Exercise aim ▸ Print exactly what the entries say, line by line, from the first line down to the one with "2024 Nissan Frontier Crew Cab PRO-4X 4x4", inclusive.

Provided records ▸
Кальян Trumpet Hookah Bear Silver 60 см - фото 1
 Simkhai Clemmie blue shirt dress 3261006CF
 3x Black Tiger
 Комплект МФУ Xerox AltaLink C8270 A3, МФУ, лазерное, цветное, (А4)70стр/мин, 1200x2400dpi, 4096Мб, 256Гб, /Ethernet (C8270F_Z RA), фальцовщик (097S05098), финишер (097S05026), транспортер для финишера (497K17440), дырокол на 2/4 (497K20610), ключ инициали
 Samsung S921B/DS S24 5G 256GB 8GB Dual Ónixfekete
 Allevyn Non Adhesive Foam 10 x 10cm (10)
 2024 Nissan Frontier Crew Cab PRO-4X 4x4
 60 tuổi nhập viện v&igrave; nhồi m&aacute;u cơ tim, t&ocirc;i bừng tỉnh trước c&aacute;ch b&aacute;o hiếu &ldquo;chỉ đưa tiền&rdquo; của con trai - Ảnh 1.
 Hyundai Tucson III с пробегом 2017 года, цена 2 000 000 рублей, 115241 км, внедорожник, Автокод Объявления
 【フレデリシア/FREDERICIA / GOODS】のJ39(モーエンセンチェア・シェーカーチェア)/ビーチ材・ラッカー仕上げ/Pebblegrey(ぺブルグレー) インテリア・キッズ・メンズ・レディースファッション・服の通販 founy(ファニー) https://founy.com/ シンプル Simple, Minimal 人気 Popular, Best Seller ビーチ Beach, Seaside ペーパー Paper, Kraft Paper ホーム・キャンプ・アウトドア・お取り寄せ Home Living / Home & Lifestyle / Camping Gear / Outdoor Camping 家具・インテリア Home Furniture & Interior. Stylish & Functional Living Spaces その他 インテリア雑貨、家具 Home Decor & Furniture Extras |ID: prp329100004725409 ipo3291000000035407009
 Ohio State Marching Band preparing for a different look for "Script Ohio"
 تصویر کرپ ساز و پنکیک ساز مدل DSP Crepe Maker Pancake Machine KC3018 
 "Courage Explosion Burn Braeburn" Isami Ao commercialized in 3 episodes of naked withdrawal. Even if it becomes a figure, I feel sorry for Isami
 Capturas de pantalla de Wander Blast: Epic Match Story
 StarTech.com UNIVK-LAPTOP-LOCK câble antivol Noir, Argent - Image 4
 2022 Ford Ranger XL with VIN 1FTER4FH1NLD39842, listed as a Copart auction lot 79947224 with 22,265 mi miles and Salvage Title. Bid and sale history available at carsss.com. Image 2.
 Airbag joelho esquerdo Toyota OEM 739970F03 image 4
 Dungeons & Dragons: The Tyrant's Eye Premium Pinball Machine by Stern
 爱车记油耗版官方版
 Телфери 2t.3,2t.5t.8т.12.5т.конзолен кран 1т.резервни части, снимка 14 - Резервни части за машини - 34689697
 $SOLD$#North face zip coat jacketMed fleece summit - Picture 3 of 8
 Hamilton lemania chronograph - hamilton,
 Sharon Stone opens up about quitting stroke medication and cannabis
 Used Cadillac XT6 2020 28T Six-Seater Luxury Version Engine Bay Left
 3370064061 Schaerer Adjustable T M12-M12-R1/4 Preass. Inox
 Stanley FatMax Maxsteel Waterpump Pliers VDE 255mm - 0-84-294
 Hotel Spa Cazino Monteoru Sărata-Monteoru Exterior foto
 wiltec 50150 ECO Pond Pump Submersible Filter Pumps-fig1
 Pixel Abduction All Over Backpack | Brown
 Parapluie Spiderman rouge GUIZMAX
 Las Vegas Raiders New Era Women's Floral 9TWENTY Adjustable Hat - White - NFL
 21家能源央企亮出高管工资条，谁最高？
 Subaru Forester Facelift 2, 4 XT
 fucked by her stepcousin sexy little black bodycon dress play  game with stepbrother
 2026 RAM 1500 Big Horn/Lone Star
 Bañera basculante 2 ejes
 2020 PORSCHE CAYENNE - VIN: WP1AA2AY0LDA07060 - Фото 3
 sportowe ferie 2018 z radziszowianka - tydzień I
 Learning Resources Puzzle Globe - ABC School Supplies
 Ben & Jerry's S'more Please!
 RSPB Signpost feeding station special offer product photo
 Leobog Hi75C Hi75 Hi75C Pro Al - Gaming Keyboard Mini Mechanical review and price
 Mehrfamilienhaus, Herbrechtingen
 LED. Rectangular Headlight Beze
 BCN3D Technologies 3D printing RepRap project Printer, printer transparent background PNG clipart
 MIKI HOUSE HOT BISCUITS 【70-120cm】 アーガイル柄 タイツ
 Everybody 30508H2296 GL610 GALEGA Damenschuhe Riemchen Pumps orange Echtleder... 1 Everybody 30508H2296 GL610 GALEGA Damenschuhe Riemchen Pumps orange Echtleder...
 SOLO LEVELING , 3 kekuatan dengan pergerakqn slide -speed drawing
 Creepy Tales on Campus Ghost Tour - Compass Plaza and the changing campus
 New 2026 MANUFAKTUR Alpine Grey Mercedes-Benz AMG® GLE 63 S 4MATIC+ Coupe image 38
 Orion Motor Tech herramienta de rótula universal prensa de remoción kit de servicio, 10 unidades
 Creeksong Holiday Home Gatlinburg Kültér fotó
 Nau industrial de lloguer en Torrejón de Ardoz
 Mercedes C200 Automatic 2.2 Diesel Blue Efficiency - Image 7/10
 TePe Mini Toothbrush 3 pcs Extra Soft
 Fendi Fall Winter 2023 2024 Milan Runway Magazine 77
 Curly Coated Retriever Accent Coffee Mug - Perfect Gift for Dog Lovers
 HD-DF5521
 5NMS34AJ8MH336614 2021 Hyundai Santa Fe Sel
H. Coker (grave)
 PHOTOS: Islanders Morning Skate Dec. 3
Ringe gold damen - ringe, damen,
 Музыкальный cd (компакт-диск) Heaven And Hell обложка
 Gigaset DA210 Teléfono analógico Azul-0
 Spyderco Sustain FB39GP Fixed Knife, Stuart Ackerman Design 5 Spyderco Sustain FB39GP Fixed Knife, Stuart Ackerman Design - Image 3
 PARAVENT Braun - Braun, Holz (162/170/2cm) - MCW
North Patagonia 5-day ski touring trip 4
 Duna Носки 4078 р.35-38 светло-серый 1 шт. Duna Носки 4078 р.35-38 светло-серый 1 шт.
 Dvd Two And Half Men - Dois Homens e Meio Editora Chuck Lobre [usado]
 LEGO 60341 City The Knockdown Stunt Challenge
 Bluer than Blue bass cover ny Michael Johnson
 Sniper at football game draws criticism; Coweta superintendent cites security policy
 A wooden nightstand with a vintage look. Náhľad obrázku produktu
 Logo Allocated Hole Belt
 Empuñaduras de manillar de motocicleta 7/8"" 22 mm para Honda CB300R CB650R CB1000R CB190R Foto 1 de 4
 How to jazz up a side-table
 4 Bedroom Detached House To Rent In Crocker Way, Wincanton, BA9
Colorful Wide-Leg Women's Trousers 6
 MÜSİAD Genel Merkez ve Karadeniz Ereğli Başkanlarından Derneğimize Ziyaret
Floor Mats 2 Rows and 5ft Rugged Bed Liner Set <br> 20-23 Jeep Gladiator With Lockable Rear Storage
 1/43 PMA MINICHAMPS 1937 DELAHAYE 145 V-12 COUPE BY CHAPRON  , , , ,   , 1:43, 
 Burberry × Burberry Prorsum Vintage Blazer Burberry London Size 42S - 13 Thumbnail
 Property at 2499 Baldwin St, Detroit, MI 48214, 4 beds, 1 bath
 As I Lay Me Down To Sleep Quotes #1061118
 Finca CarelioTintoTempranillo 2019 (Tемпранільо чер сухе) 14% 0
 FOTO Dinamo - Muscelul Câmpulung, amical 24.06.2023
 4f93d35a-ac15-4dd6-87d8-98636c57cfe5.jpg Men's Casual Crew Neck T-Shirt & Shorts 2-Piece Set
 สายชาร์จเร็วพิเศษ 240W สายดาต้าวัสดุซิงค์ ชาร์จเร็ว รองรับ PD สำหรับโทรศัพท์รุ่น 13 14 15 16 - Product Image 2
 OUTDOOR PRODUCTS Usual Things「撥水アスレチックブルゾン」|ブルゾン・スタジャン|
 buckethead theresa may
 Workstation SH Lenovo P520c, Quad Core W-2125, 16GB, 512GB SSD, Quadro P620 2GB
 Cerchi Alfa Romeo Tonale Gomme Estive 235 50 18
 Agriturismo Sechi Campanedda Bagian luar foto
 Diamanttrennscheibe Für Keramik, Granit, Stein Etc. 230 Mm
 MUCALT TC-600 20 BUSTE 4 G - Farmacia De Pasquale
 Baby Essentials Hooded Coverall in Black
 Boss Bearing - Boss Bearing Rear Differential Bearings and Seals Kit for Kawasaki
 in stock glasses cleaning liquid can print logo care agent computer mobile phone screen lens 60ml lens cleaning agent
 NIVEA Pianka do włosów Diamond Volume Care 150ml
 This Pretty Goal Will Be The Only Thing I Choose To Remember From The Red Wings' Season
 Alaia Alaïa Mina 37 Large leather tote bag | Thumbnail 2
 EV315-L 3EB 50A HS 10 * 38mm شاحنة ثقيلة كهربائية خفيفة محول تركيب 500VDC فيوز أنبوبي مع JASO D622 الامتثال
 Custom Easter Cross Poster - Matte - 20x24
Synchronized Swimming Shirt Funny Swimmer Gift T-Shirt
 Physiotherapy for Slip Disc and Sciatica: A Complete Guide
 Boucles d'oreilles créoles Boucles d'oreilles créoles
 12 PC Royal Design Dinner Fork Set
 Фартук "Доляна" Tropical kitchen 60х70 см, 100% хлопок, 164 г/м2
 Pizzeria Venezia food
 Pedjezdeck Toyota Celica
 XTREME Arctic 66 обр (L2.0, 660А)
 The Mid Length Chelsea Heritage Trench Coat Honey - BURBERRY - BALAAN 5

Solution for this problem ▸
Кальян Trumpet Hookah Bear Silver 60 см - фото 1
 Simkhai Clemmie blue shirt dress 3261006CF
 3x Black Tiger
 Комплект МФУ Xerox AltaLink C8270 A3, МФУ, лазерное, цветное, (А4)70стр/мин, 1200x2400dpi, 4096Мб, 256Гб, /Ethernet (C8270F_Z RA), фальцовщик (097S05098), финишер (097S05026), транспортер для финишера (497K17440), дырокол на 2/4 (497K20610), ключ инициали
 Samsung S921B/DS S24 5G 256GB 8GB Dual Ónixfekete
 Allevyn Non Adhesive Foam 10 x 10cm (10)
 2024 Nissan Frontier Crew Cab PRO-4X 4x4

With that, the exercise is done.